The National Treasury is bracing for a tougher fiscal environment, projecting a wider budget deficit of 5.3% of Gross Domestic Product (GDP) for the 2026/27 financial year. This comes as it invites Kenyans to submit their views on the draft 2026 Budget Policy Statement (BPS) by January 9, 2026.
This annual call for public participation is not just a constitutional duty; it's a critical juncture for citizens to shape a budget grappling with immense pressure. The government faces the daunting task of funding its ambitious development agenda while managing a public debt that has surged past the KSh 12 trillion mark, with repayment costs consuming a significant chunk of national revenue.

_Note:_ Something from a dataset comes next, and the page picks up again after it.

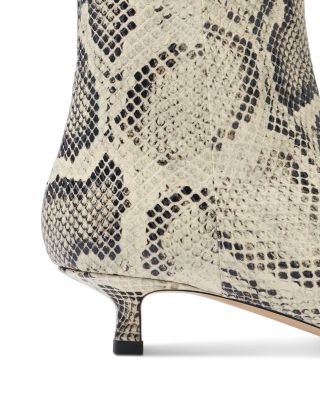 Women's Sofie Pointed Toe Embossed Kitten Heel Ankle Boots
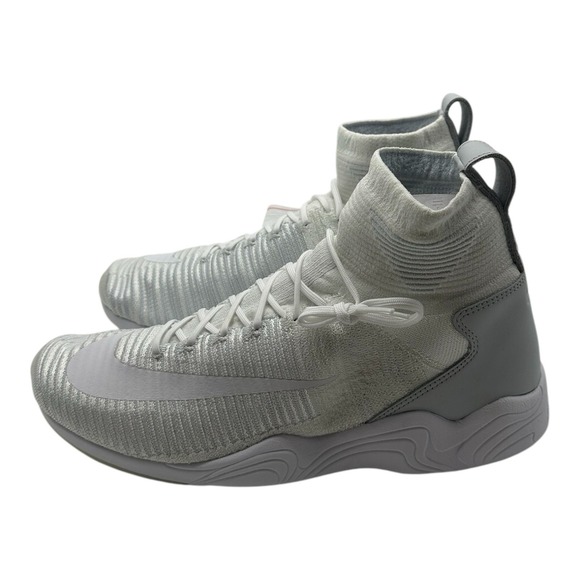 Nike Zoom Mercurial XI FK Basketball Shoes Mens 11.5 White Wolf Grey‎ Sneakers - Picture 6 of 10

The draft BPS indicates a significant reliance on domestic borrowing to plug the fiscal gap. The government plans to finance the deficit through approximately KSh 1.01 trillion ($7.8 billion) from the local market and KSh 99.5 billion (approx. $772.5 million) in net external borrowing. This heavy domestic borrowing raises concerns among economists that it could crowd out the private sector, making credit more expensive for businesses and individuals, and ultimately slowing economic growth.
The Treasury's strategy appears to be a delicate balancing act. On one hand, it must fund key priorities under the Bottom-Up Economic Transformation Agenda (BETA), focusing on sectors like agriculture, digital infrastructure, and healthcare. On the other, it is under pressure to implement a “growth-responsive fiscal consolidation plan” to slow down the rapid accumulation of public debt.
For the average Kenyan, these fiscal plans have direct consequences. The government's borrowing appetite can influence interest rates on personal and business loans. Furthermore, how the Treasury chooses to raise revenue and allocate spending will determine the cost of essential goods, the quality of public services like healthcare and education, and the availability of jobs.
In a move that could offer some relief, the Kenya Bankers Association has already submitted proposals for the upcoming Finance Bill 2026, urging the government to provide PAYE relief for salaried workers to boost their disposable income amid the high cost of living. This highlights the public's expectation for measures that will ease their financial burdens.
Treasury Cabinet Secretary John Mbadi has assured that the budget process will be people-driven, emphasizing the adoption of zero-based budgeting to eliminate wastage and improve efficiency. The coming weeks will reveal whether the final budget policy reflects the priorities of ordinary Kenyans or the stark reality of the nation's balance sheet.